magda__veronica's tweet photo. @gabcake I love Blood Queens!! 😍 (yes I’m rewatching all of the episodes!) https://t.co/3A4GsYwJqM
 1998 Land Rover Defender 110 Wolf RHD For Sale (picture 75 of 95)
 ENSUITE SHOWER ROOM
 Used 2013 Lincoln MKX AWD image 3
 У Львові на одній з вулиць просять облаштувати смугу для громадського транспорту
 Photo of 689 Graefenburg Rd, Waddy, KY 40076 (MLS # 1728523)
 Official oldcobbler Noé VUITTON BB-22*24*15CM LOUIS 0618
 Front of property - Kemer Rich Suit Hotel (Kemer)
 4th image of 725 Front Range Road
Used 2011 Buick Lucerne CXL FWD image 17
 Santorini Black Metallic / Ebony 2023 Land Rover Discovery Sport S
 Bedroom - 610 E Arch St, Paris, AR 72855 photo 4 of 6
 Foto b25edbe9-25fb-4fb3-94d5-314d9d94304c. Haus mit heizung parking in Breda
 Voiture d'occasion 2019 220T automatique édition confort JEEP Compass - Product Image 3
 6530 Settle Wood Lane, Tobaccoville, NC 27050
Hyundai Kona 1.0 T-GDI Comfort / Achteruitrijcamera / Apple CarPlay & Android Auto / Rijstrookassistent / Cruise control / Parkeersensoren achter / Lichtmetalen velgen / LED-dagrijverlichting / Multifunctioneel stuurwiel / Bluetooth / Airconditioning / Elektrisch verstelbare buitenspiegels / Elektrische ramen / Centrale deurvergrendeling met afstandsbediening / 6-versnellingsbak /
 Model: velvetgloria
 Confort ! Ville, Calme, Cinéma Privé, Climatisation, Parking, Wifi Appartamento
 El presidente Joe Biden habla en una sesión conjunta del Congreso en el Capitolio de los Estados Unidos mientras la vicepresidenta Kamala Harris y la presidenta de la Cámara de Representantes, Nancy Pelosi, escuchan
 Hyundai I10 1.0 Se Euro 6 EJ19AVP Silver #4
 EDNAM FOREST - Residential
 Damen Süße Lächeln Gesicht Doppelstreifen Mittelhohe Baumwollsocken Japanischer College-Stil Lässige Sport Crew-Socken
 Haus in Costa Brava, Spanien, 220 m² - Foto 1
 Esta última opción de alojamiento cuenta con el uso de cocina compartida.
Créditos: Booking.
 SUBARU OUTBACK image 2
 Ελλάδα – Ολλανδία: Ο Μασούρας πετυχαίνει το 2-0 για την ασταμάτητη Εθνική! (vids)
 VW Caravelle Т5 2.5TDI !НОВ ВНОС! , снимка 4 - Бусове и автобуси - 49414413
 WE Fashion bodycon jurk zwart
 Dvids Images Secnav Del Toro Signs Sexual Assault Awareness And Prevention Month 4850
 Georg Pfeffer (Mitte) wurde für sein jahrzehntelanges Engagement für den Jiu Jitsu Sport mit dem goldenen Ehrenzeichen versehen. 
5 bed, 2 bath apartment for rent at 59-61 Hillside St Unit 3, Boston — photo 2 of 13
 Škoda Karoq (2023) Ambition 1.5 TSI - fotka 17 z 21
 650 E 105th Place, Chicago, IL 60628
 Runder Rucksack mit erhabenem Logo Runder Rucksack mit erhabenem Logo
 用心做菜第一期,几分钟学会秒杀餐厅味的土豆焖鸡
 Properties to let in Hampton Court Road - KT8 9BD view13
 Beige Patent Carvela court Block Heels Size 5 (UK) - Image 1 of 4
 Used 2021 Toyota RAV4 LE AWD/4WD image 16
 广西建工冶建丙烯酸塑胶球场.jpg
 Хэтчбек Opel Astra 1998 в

**Problem description**
No lines before the one containing "5 bed, 2 bath" belong in the answer; write out that line and each one after it exactly, through the end of the records.

**Answer box**
5 bed, 2 bath apartment for rent at 59-61 Hillside St Unit 3, Boston — photo 2 of 13
 Škoda Karoq (2023) Ambition 1.5 TSI - fotka 17 z 21
 650 E 105th Place, Chicago, IL 60628
 Runder Rucksack mit erhabenem Logo Runder Rucksack mit erhabenem Logo
 用心做菜第一期,几分钟学会秒杀餐厅味的土豆焖鸡
 Properties to let in Hampton Court Road - KT8 9BD view13
 Beige Patent Carvela court Block Heels Size 5 (UK) - Image 1 of 4
 Used 2021 Toyota RAV4 LE AWD/4WD image 16
 广西建工冶建丙烯酸塑胶球场.jpg
 Хэтчбек Opel Astra 1998 в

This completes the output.